TASK INSTRUCTIONS -> Starting at the first line of the data, print every line up to and including the one with "That was it.", but no pictures.

RECORDS TO USE ->
- Opening Delimiter -

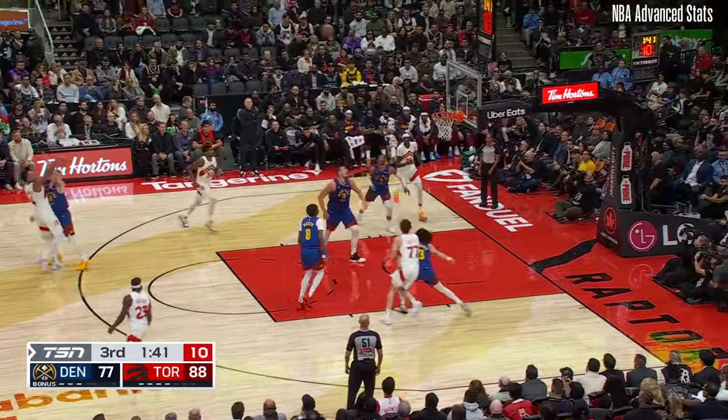Good job on the post at that time. Didn't fade, went straight up. And he's got the size. Why not? Three the other way. Three. Barnes with three.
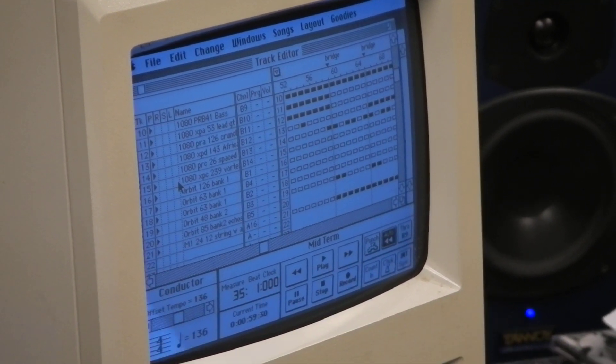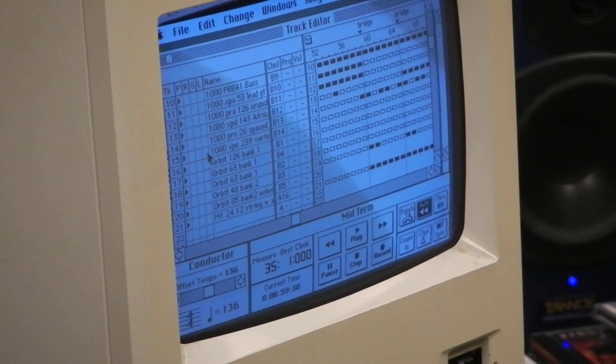That was it. I had this kind of rig, and I had a couple racks of MIDI gear with stuff like this.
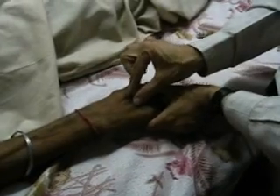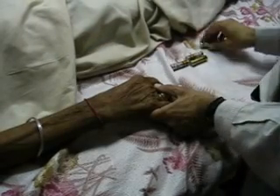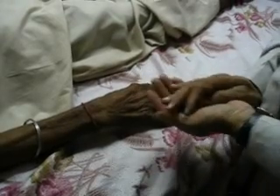Let us see how his skin is looking. If you pinch it and leave it, it takes a lot of time. Of course, some allowance has to be made considering the age. But here is a man who has had severe loose motions — watery — and that is what has resulted in this dehydration.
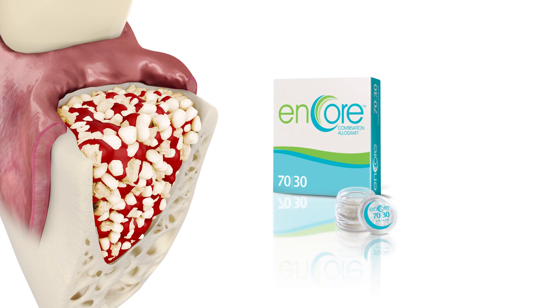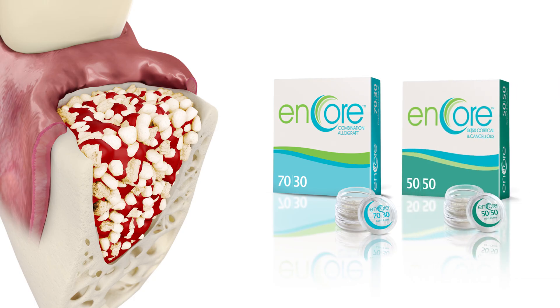At this point, a 70-30 mineralized-demineralized allograft or a 50-50 cortical cancellous allograft is placed. A key to this step is to avoid overpacking the graft particles, as this will impede the ingrowth of new blood vessels. Fill to the crest or just slightly above. Another key step before placement of the membrane is to observe blood flow into the graft to completely surround the particles.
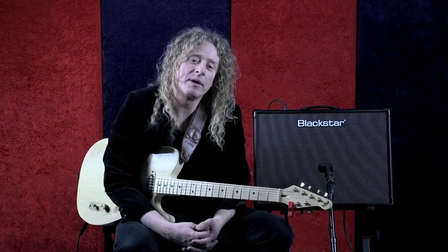Hi, I'm Freddy DiMarco for Blackstar Potential, and this lesson will be for beginners on dialing in clean sounds.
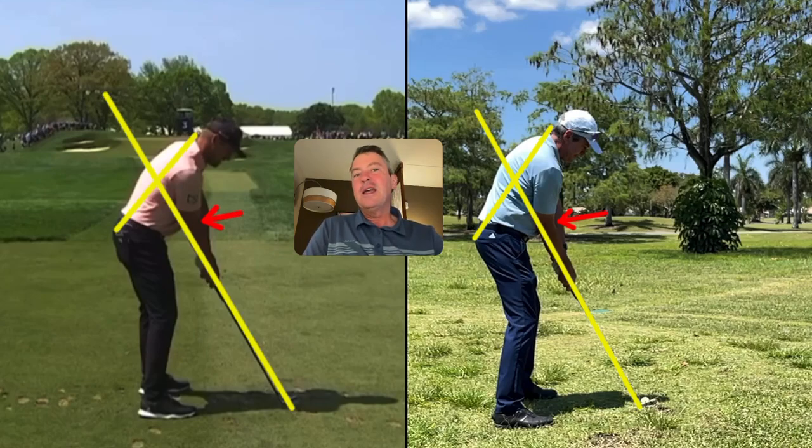Bryson is on record as saying he thinks it's crazy that people wouldn't just set up there, because it's obviously easier to swing a golf club if you're set up for impact. So if you just follow a couple of simple steps, you can simplify your swing. I'm just showing you Bryson is still swinging the same way that he has, as you've seen in a lot of other videos that I've done.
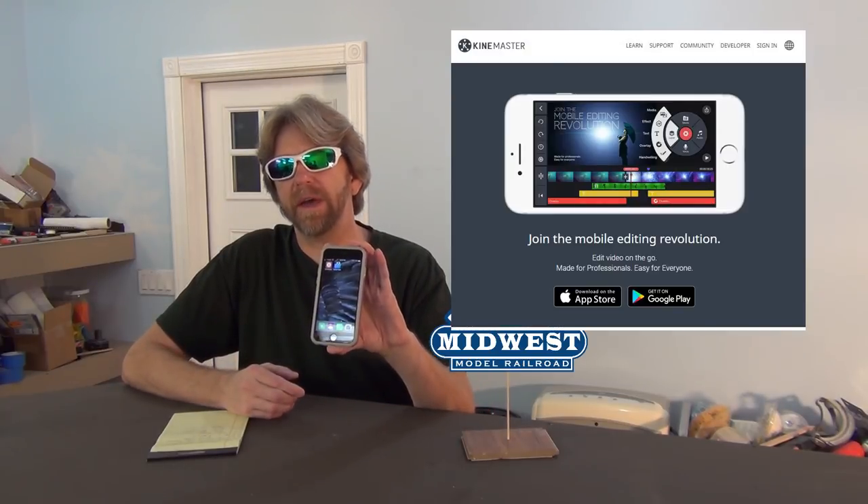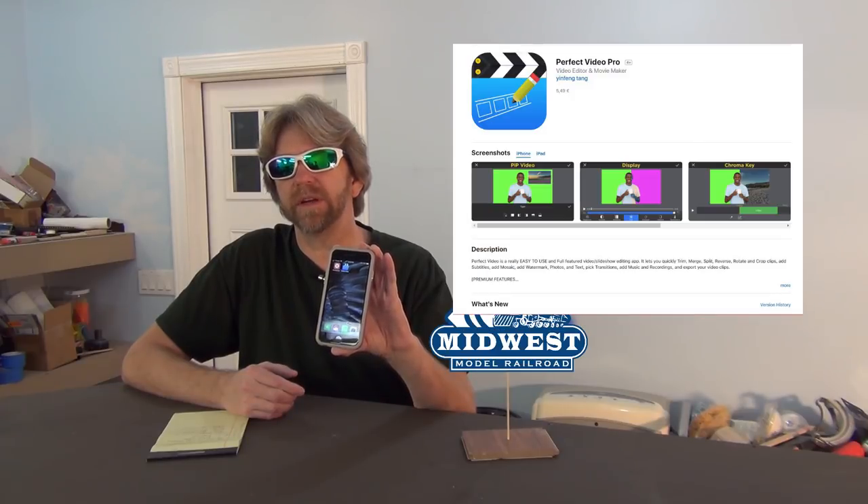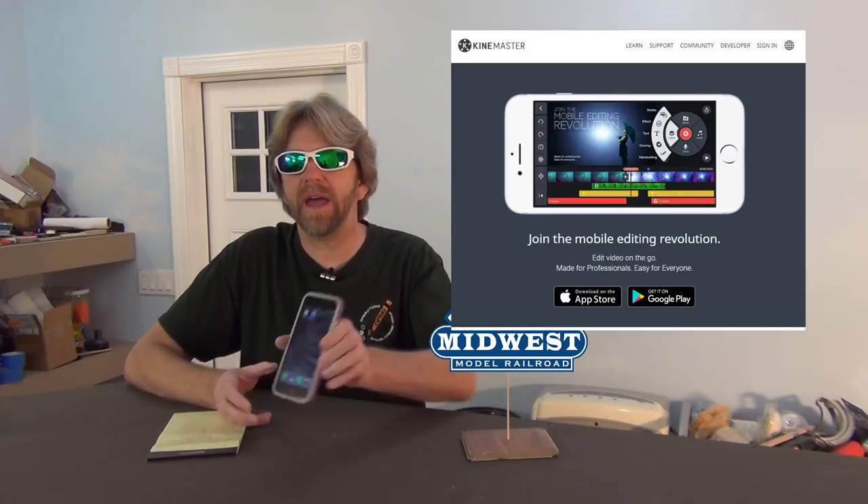What I'll be talking about today is using your cell phone for doing your videos. Most people have a cell phone — it's not that hard. It has two cameras, one in front and one in back. I'll also talk about a couple of quick apps. These are for the iPhone, but I assume the same apps are available for Android. Here are two recommended apps: the first one is KineMaster and the second one is Perfect Video. Both are good apps and will give you the necessary tools to make a video, so go download them to your iPhone or Android device.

- Closing Delimiter -

WORKED SOLUTION ->
Good job on the post at that time. Didn't fade, went straight up. And he's got the size. Why not? Three the other way. Three. Barnes with three.
That was it. I had this kind of rig, and I had a couple racks of MIDI gear with stuff like this.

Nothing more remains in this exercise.